PROBLEM TO SOLVE = Once the line containing "Welcome to First" is found in the entries below, reproduce it and every line after it, stopping at and including the line containing "Focal or partial"; reproduce nothing else, and keep each line exact.

[Collected data entries]
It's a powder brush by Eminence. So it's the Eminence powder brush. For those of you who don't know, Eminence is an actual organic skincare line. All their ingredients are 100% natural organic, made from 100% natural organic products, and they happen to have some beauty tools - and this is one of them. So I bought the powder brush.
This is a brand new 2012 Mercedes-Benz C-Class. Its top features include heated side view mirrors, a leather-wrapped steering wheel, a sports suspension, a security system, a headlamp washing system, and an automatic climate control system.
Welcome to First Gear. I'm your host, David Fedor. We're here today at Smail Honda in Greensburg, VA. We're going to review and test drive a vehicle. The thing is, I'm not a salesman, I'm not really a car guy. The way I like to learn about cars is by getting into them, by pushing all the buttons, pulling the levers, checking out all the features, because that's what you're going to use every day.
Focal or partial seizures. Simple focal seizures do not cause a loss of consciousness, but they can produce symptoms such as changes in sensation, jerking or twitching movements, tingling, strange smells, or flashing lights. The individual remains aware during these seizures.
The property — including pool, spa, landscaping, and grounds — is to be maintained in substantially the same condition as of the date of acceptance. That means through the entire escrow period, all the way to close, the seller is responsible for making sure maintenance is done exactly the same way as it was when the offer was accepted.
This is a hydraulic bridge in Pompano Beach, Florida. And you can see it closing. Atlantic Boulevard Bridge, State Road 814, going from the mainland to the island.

...

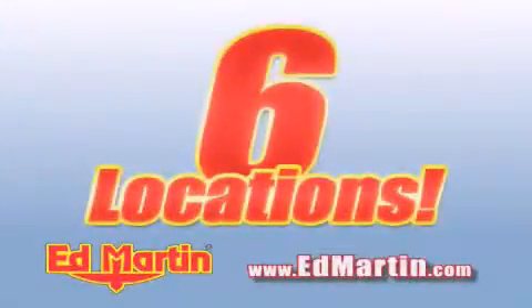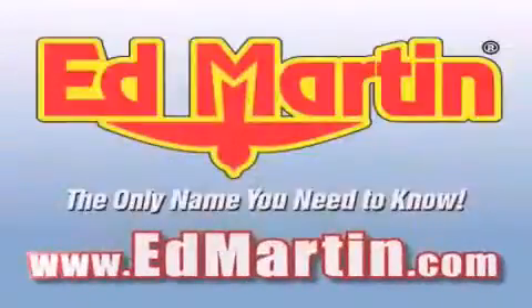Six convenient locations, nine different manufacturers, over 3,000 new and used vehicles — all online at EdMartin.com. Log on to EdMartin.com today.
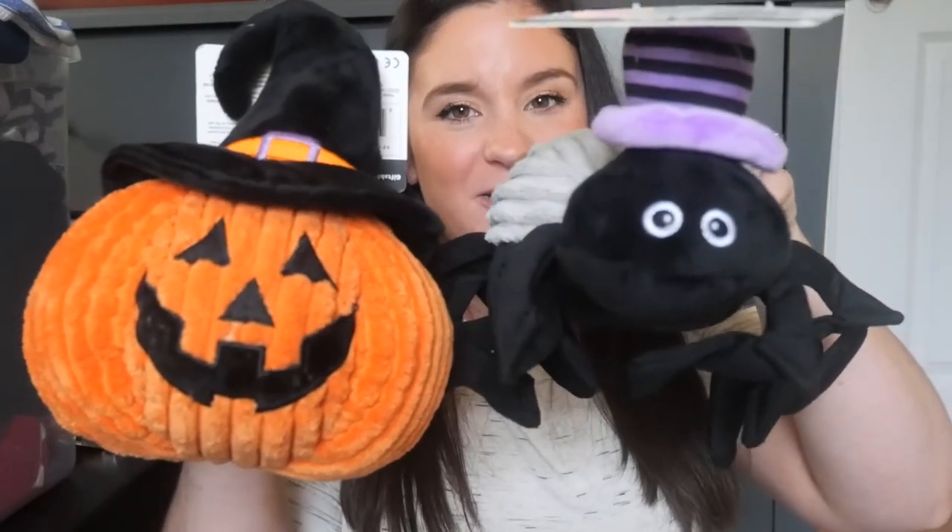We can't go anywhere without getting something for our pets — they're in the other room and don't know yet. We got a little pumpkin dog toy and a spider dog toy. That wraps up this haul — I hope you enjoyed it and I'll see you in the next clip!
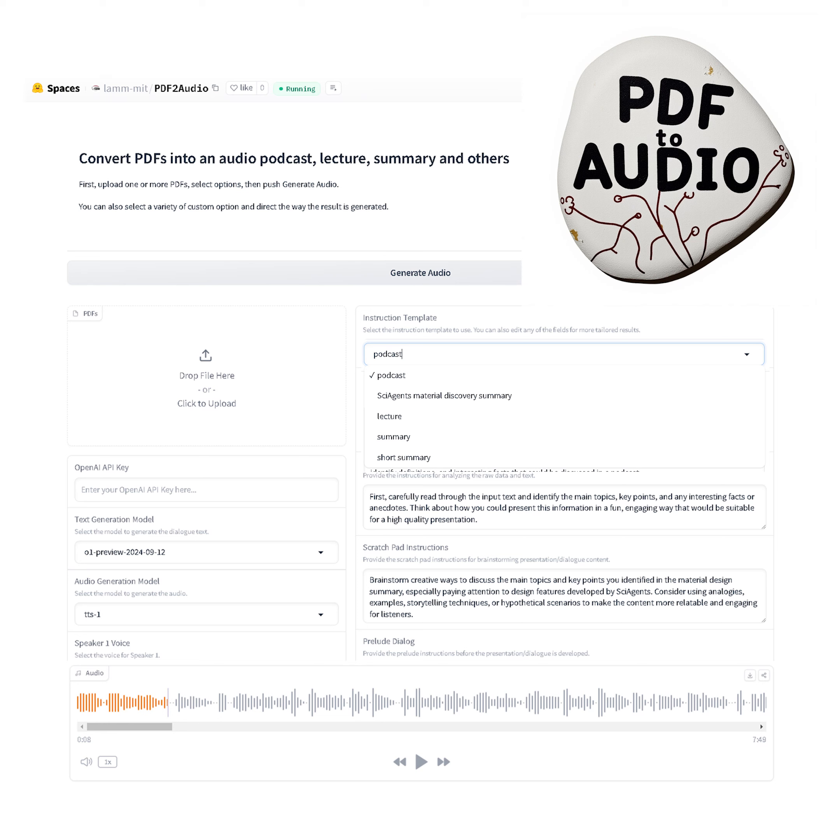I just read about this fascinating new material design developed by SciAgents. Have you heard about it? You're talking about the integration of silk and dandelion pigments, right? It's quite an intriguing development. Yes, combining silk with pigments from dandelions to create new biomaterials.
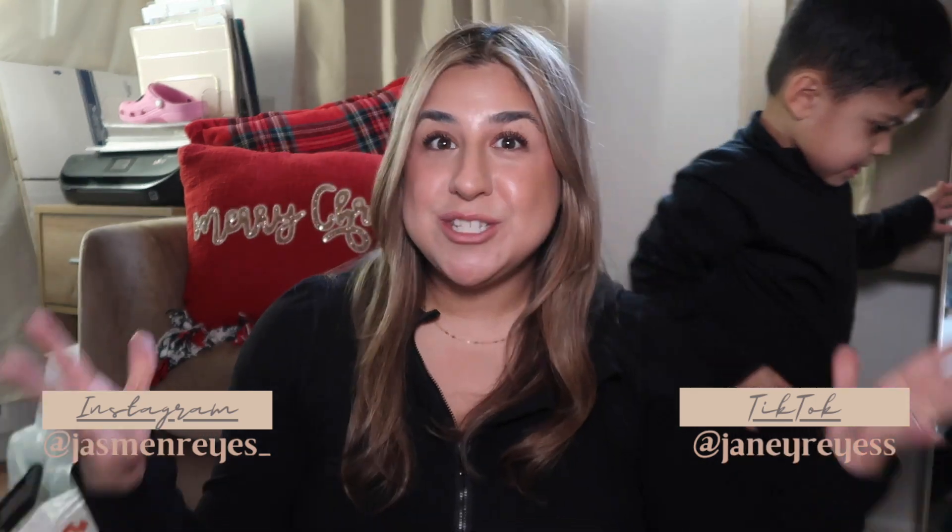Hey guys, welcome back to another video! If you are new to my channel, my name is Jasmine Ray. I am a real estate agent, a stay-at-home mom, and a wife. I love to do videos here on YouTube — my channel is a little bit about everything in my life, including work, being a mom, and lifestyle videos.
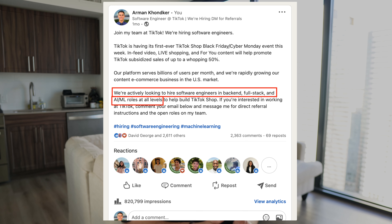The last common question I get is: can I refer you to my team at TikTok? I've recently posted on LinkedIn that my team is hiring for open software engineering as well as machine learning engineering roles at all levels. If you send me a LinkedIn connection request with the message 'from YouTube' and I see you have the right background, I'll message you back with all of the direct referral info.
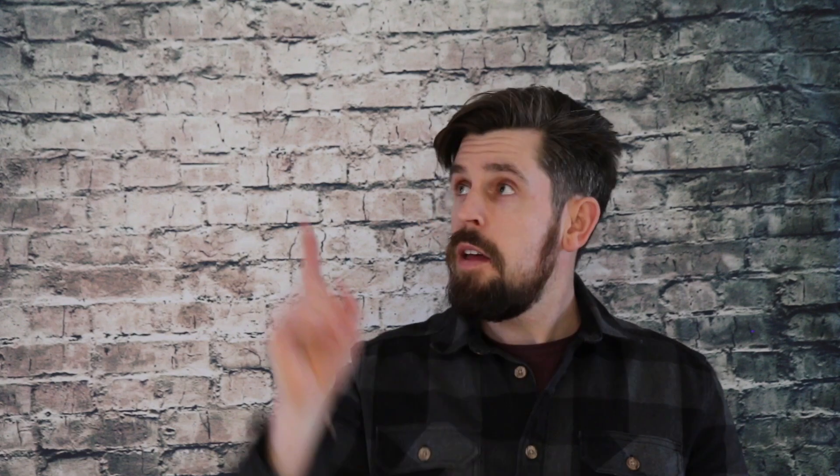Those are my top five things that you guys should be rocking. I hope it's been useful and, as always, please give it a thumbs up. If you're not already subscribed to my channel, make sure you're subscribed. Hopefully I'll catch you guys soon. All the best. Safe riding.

TASK RESULT =
Welcome to First Gear. I'm your host, David Fedor. We're here today at Smail Honda in Greensburg, VA. We're going to review and test drive a vehicle. The thing is, I'm not a salesman, I'm not really a car guy. The way I like to learn about cars is by getting into them, by pushing all the buttons, pulling the levers, checking out all the features, because that's what you're going to use every day.
Focal or partial seizures. Simple focal seizures do not cause a loss of consciousness, but they can produce symptoms such as changes in sensation, jerking or twitching movements, tingling, strange smells, or flashing lights. The individual remains aware during these seizures.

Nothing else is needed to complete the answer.